Now let’s delve into how Prompt Manager manages the Foundation models.
Visual ChatGPT interacts with multiple VFMs so the prompt manager needed an efficient strategy on how to best coordinate with VFM to use for which task.
This is because different VFMs share similarities, like replacement of objects in image can be regarded as a generation of a new image. Or VQA task (image question answering) can be understood as offering a response according to the provided image.
Thus, the need to distinguish the VFM’s became imminent.
Below are the aspects Prompt Manager defines to help Visual ChatGPT accurately handle its VL task:
- Name: The name prompt helps Visual ChatGPT to understand the purpose of VFM in a concise manner and severs as the entry to VFM.
- Usage: The usage prompt describes the scenario where the VFM should be used.
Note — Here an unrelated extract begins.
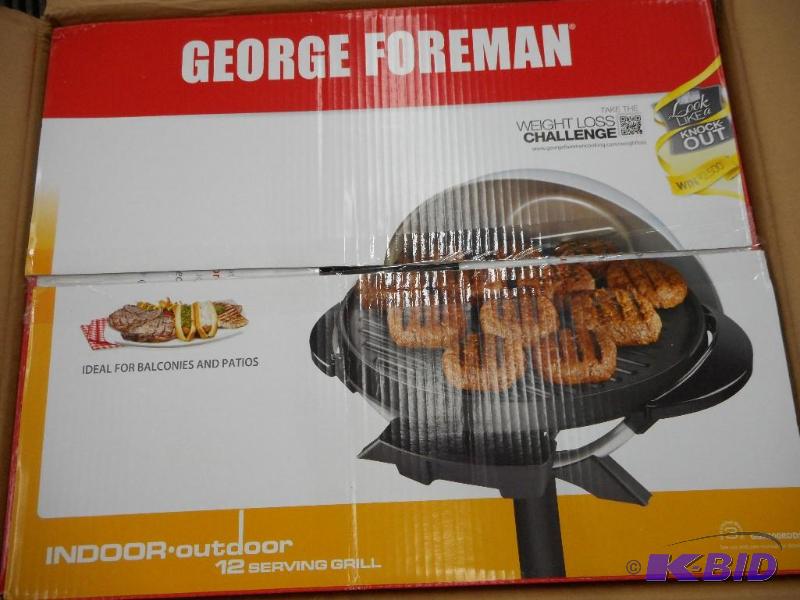 George Foreman Indoor Outdoor Grill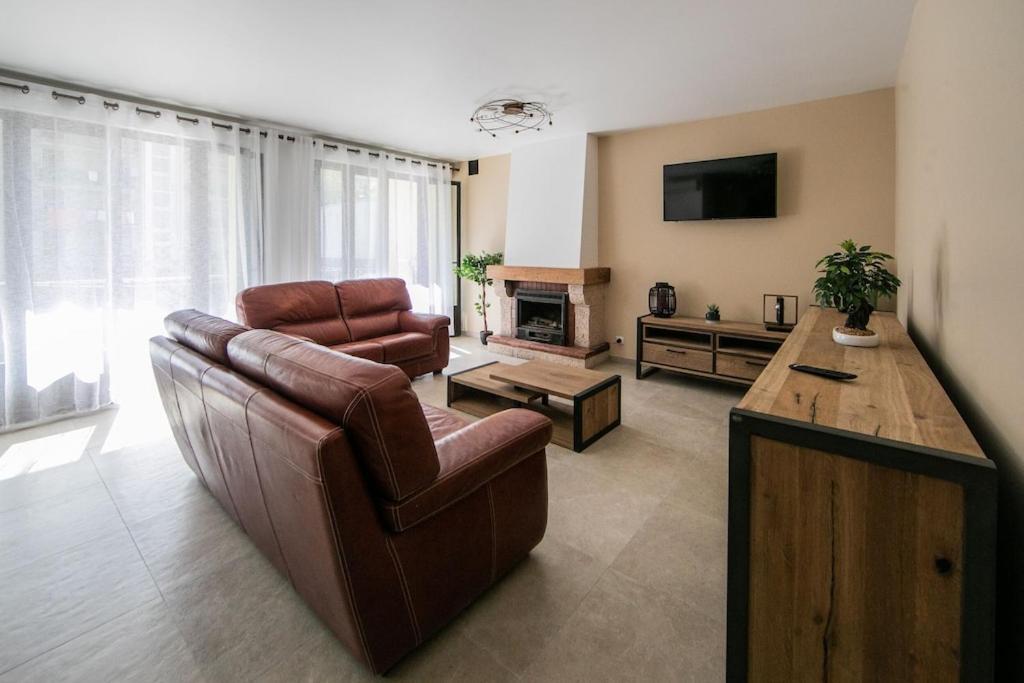 Sartene T3 Calme Ensoleille Parking Prive Bagian luar foto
- Input/Output: The input/output prompt defines the format of input and output required by the VFM.
- Example (optional): The example prompt is optional and as the name sounds, it gives an example to Visual ChatGPT which can be really helpful to better understand how a particular VFM works.
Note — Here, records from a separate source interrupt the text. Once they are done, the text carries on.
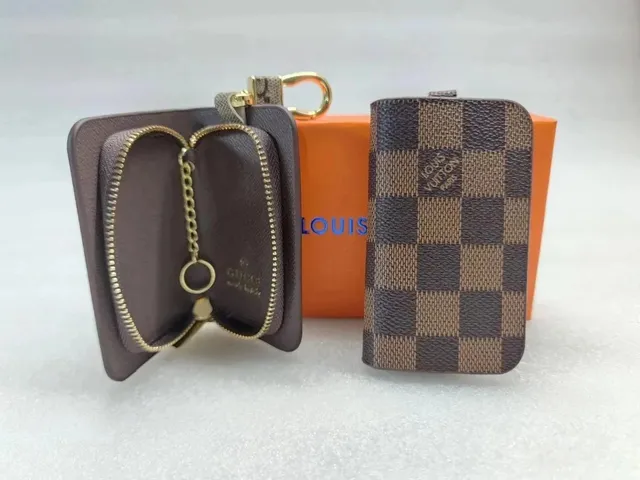 Louis Vuitton Key Holder Damier Ebene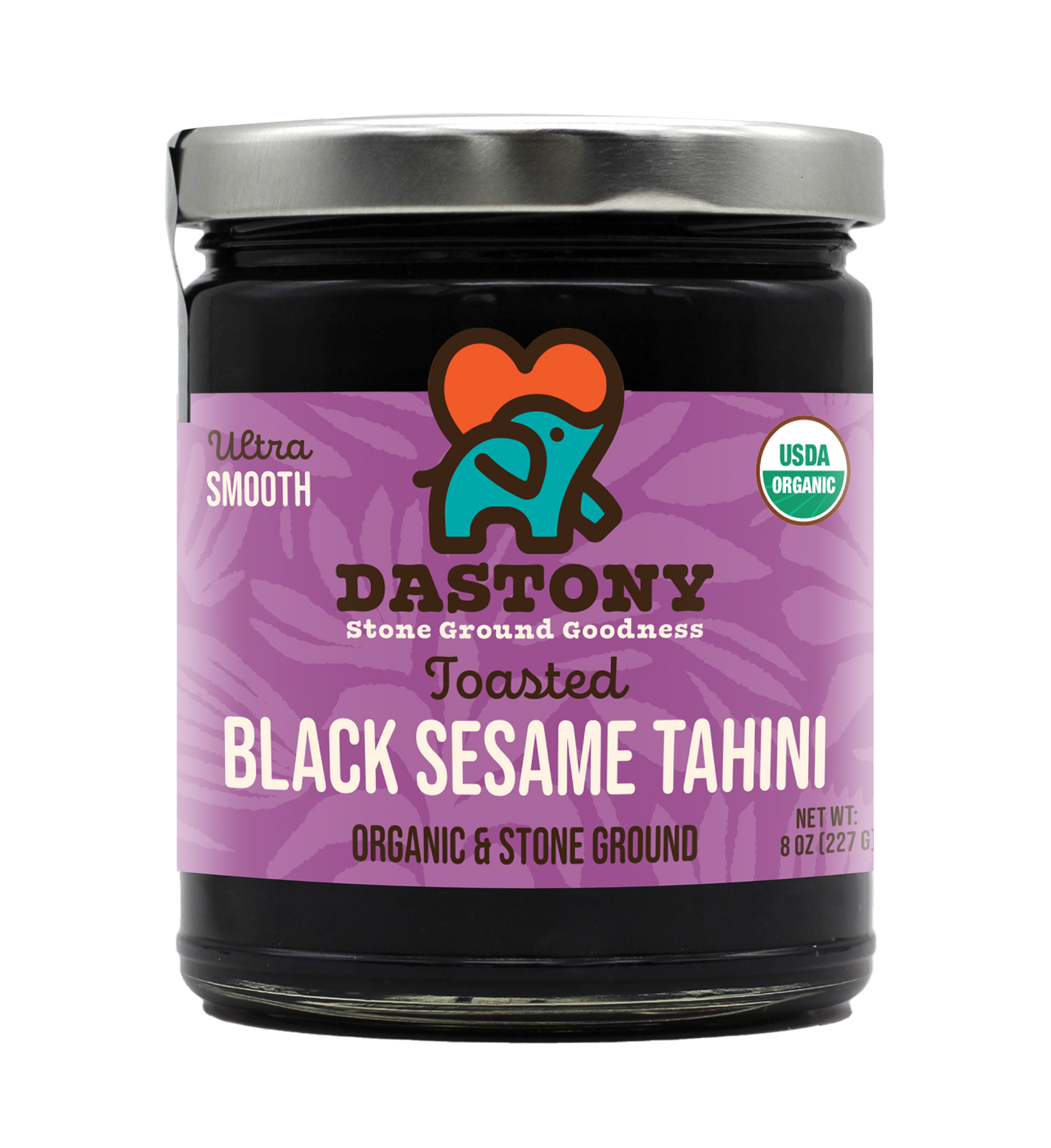 Organic Raw Black Sesame Seed Butter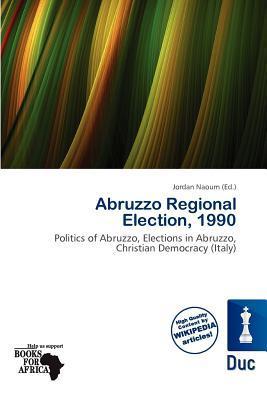 Abruzzo Regional Election 1990
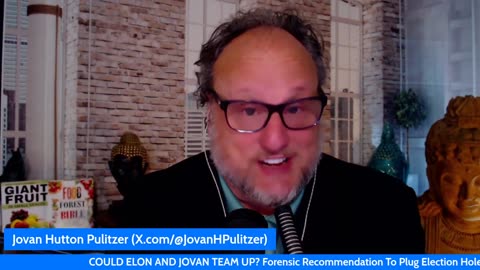 COULD ELON AND JOVAN TEAM UP? Forensic Recommendation Plug Election Holes ROLE REVERSAL INTERVIEW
Visual ChatGPT supports many user queries and languages. It supports images as well, singular or multiple.
In order to handle this, Prompt Manager uses the two aspects below:
1. Generate Unique Filename:
  - Visual ChatGPT handles two types of image queries: one where the image was uploaded and one where its a reference to an existing image.
  - “For newly uploaded images, Visual ChatGPT generates a unique filename with a universally unique identifier (UUID) and adds a prefix string ”image” representing the relative directory, e.g., image/{uuid}.png (source).
  - For queries about existing images, Visual ChatGPT ignores the filename check.
2. Force VFM Thinking:
  - The following suffix prompt is appended to the user query:
  - “Since Visual ChatGPT is a text language model, Visual ChatGPT must use tools to observe images rather than imagination. The thoughts and observations are only visible for Visual ChatGPT, Visual ChatGPT should remember to repeat important information in the final response for Human. Thought: Do I need to use a tool?”
  - The reasoning is two-fold provided below:
    - It prompts Visual ChatGPT to use foundation models instead of relying solely on its imagination.
    - It encourages Visual ChatGPT to provide specific out- puts generated by the foundation models, rather than generic responses such as “here you are” (source).
The following diagram (source) shows an example of multiple rounds of dialogue between human and Visual ChatGPT:

Event though Visual ChatGPT has built significantly on top of ChatGPT, however, a few limitations of Visual ChatGPT still remain.
Visual ChatGPT is dependent on ChatGPT to assign tasks and on VFM to execute the tasks. Thus, it is limited by these models accuracies.
Heavy prompt engineering is required by Visual ChatGPT to convert VFMs into language which can be time consuming.
Limited real time capability as a prompt could invoke multiple VFMs, resulting in a delayed response time.
The flexibility of easily plugging and unplugging foundation models may raise security and privacy concerns, particularly for remote models accessed via APIs.